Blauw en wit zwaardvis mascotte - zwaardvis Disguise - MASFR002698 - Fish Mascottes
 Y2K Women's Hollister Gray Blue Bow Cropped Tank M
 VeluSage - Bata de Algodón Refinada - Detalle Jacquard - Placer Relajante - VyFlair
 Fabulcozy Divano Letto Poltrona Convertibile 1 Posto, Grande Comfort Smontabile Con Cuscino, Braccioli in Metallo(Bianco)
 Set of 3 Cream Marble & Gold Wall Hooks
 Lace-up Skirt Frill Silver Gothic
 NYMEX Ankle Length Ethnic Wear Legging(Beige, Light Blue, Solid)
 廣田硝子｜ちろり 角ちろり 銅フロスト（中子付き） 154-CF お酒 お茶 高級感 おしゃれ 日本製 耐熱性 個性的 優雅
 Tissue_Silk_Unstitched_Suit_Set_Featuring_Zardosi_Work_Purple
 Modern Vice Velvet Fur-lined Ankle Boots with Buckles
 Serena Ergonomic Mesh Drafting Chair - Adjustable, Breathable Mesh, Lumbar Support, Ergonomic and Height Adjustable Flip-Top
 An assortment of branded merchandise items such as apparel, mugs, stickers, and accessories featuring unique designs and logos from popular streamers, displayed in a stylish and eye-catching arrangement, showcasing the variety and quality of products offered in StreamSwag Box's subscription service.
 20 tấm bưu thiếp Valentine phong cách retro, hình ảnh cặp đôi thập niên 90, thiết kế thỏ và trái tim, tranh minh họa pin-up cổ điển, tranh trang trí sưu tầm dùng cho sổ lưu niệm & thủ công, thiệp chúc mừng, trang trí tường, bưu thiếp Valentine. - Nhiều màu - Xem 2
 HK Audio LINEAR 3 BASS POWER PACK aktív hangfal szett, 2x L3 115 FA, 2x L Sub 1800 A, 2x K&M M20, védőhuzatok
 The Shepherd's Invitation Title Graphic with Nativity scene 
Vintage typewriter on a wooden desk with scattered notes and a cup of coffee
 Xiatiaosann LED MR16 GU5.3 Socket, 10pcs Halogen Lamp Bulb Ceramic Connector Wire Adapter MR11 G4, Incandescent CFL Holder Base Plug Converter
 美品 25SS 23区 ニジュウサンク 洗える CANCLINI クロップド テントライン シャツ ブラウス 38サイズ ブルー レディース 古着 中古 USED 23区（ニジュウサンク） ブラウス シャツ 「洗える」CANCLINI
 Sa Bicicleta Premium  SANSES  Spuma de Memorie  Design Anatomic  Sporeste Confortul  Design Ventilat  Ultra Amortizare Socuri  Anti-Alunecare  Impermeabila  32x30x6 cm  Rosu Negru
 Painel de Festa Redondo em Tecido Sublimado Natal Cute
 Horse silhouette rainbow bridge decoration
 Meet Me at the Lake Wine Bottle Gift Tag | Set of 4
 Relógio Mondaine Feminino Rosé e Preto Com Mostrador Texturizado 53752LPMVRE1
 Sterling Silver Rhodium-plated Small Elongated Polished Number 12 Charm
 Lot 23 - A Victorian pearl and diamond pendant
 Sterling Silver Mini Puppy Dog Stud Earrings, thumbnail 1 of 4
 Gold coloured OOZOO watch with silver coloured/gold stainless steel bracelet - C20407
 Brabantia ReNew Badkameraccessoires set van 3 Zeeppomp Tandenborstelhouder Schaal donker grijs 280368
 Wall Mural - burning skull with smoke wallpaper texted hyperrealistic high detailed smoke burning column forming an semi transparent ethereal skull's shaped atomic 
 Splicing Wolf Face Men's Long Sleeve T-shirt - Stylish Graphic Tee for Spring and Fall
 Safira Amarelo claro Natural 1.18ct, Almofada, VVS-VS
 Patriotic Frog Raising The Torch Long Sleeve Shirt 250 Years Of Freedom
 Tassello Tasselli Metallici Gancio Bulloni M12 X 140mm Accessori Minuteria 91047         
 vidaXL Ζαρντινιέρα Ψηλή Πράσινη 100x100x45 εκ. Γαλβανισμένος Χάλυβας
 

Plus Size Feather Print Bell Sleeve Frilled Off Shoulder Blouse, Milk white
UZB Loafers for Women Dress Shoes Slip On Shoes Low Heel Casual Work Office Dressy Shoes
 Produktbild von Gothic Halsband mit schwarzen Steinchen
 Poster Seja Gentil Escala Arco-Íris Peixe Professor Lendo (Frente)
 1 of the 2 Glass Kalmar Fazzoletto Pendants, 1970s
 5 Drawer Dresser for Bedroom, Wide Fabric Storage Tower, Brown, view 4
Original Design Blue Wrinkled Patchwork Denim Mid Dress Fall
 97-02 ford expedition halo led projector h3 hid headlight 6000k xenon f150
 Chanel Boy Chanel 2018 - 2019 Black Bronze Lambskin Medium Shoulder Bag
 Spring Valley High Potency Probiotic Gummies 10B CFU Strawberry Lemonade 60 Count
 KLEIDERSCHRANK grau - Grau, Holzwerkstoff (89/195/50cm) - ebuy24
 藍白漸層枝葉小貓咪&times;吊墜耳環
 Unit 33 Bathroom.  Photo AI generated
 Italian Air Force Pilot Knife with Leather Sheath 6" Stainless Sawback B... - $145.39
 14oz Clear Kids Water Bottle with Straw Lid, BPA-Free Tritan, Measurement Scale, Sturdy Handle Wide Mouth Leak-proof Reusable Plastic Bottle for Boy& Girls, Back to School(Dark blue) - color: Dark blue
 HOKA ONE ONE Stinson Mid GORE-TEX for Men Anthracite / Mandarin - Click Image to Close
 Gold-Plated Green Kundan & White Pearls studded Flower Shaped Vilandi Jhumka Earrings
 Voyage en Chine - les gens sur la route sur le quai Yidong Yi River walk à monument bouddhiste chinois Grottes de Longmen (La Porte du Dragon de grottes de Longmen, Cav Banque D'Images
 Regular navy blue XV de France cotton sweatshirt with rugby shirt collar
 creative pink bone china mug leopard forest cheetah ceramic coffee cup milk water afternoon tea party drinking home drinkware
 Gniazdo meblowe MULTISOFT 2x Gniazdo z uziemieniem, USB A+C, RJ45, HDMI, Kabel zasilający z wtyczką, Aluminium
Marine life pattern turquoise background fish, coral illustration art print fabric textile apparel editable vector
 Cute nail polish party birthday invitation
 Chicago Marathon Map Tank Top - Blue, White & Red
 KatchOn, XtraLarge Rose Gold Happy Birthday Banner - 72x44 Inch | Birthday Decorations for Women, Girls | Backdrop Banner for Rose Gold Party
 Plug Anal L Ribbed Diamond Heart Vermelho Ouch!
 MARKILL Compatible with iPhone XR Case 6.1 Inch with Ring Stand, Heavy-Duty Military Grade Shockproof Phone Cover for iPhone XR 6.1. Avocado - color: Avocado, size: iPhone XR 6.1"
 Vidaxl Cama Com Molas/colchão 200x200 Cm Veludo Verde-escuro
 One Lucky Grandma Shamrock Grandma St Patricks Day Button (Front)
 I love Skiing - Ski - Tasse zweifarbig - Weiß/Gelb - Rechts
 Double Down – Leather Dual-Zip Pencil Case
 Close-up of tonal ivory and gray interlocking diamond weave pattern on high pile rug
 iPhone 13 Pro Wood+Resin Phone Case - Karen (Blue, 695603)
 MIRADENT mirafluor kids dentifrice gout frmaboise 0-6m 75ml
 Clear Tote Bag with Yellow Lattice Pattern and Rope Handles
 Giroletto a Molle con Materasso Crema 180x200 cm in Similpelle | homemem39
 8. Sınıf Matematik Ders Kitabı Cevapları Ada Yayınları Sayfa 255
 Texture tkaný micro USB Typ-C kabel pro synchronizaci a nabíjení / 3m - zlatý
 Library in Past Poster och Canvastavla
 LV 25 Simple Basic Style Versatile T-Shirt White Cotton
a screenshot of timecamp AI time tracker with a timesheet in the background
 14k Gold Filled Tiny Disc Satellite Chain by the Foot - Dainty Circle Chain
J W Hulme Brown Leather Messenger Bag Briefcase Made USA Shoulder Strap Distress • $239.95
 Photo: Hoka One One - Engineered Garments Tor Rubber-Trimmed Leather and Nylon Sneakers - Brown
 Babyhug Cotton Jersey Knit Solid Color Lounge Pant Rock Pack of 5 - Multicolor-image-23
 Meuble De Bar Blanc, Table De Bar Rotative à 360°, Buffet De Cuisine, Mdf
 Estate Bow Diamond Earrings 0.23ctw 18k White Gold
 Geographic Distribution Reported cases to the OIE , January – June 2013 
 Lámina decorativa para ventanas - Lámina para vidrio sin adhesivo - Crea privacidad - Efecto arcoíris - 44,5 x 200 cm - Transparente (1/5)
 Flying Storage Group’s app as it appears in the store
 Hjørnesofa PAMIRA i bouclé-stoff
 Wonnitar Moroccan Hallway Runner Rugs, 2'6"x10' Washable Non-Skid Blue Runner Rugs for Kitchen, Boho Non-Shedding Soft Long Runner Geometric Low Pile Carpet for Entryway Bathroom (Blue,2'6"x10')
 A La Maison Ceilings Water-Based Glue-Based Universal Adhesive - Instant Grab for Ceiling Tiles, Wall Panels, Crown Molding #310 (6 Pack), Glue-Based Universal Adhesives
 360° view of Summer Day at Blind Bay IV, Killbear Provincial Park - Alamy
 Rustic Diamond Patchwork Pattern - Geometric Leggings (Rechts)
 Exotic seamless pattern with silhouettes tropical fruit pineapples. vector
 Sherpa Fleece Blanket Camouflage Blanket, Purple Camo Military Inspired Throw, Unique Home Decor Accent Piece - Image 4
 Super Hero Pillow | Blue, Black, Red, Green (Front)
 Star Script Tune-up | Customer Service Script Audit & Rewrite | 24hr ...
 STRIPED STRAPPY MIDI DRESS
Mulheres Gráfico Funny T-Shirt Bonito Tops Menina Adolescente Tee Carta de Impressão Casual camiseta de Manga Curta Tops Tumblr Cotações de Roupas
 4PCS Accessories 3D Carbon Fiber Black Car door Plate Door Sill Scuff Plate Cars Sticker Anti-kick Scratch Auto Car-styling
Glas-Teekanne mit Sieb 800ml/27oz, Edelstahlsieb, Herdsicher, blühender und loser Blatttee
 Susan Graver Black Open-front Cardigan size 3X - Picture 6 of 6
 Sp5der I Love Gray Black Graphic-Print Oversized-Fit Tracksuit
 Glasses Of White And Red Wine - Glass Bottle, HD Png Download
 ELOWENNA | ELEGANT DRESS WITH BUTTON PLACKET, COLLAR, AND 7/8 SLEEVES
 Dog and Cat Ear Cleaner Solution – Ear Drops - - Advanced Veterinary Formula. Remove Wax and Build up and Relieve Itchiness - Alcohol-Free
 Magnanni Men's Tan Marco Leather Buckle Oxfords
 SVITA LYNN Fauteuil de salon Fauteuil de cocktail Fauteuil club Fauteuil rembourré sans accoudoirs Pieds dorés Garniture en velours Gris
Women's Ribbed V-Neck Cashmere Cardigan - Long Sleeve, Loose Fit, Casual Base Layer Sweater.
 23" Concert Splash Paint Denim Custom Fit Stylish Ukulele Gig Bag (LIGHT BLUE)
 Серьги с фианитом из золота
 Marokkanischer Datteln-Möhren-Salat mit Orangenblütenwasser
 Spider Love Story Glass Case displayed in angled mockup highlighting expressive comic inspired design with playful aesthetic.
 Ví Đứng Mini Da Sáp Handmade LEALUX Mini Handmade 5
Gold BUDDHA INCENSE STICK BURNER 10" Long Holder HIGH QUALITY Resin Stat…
= = = = = = =
● Work task: For the listing above, print only the lines starting at the line containing "Sa Bicicleta Premium" and ending at the line containing "Brabantia ReNew Badkameraccessoires", exactly, both included.

● Answer box:
 Sa Bicicleta Premium  SANSES  Spuma de Memorie  Design Anatomic  Sporeste Confortul  Design Ventilat  Ultra Amortizare Socuri  Anti-Alunecare  Impermeabila  32x30x6 cm  Rosu Negru
 Painel de Festa Redondo em Tecido Sublimado Natal Cute
 Horse silhouette rainbow bridge decoration
 Meet Me at the Lake Wine Bottle Gift Tag | Set of 4
 Relógio Mondaine Feminino Rosé e Preto Com Mostrador Texturizado 53752LPMVRE1
 Sterling Silver Rhodium-plated Small Elongated Polished Number 12 Charm
 Lot 23 - A Victorian pearl and diamond pendant
 Sterling Silver Mini Puppy Dog Stud Earrings, thumbnail 1 of 4
 Gold coloured OOZOO watch with silver coloured/gold stainless steel bracelet - C20407
 Brabantia ReNew Badkameraccessoires set van 3 Zeeppomp Tandenborstelhouder Schaal donker grijs 280368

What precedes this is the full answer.